Personal information
- Full name: Christopher Scannell
- Date of birth: 9 July 1977 (age 47)
- Place of birth: Belfast, Northern Ireland
- Height: 1.77 m (5 ft 10 in)
- Position(s): Striker

Senior career*
- Years: Team / Apps / (Gls)
- 1998–2014: Cliftonville / 353 / (273)

International career
- 2012: Irish League XI / 1 / (1)

= Chris Scannell =

Northern Ireland footballer

Chris Scannell (born 7 September 1977) is a retired footballer from Northern Ireland who spent his entire career with Cliftonville. Scannell is one of Cliftonville's all-time leading goalscorers having amassed over 100 goals for the club. His brother Ronan also played for the club.

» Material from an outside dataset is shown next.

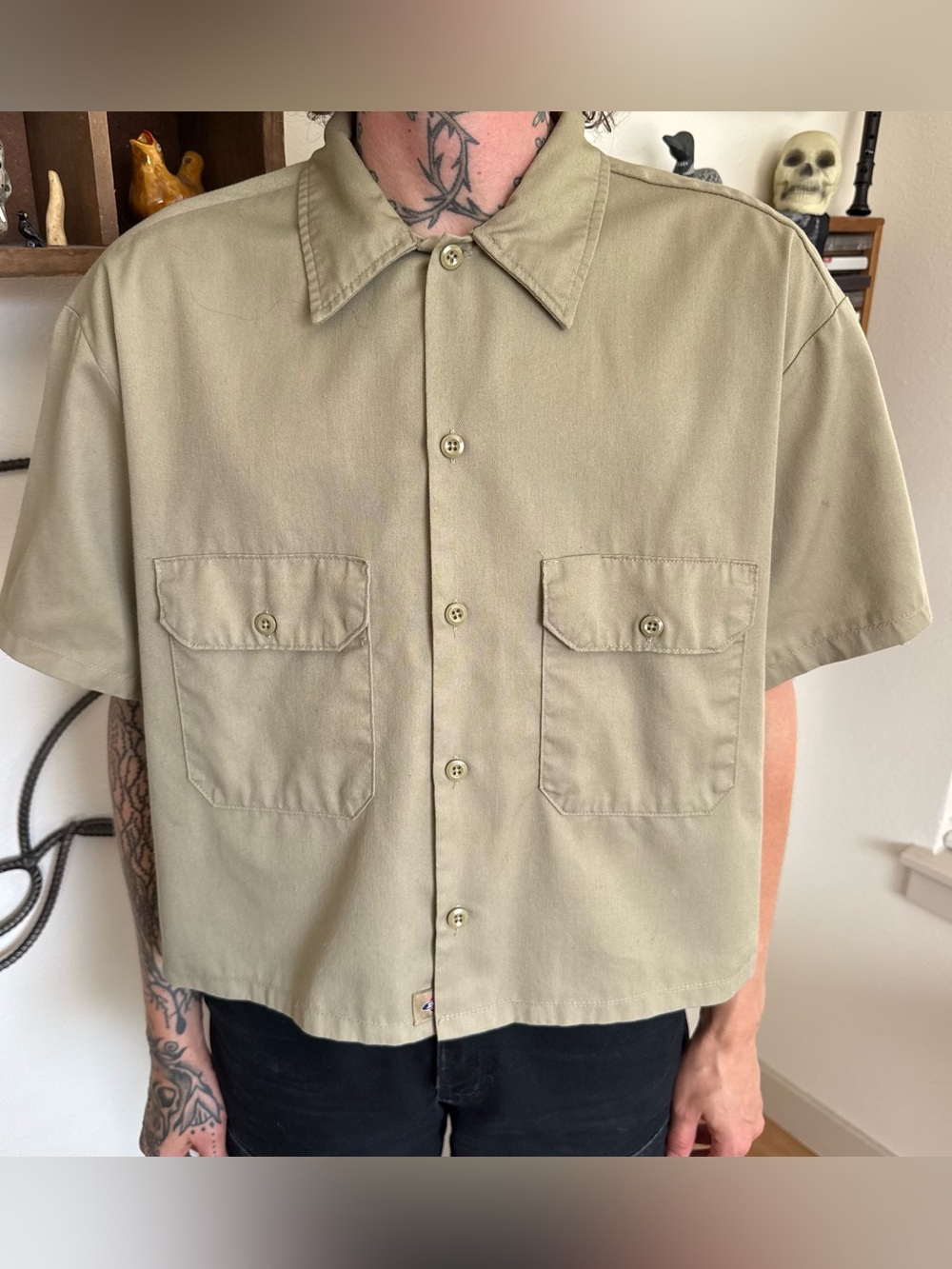 Dickies Cropped Tan S/S Button Down Skater Utility Work Shirt ~ Size Large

Born in Belfast, Scannell made his senior debut for Cliftonville against Ballymena United in September 1998. Despite a serious injury which threatened to ruin his career, and kept him out of first team action for almost 3 years, Scannell is one of the most prolific strikers in the club's history. He scored 153 goals for the club. Scannell re-signed for the club in January 2005, following a year away in Australia for work reasons, and his performances earned him the honour of captain from the 2008/2009 season. Captaincy was not the only honour Scannell earned that season. Along with adding his name to the list of Cliftonville forwards to score more than 20 goals in one season, Scannell was named Ulster Footballer of the Year and Northern Ireland Football Writers' Association Player of the Year after leading his side to their first Irish Cup Final in a decade. He retired in May 2014.

In 2012 Scannell scored for the Irish League XI against Manchester United in a testimonial match for former United goalkeeper Harry Gregg.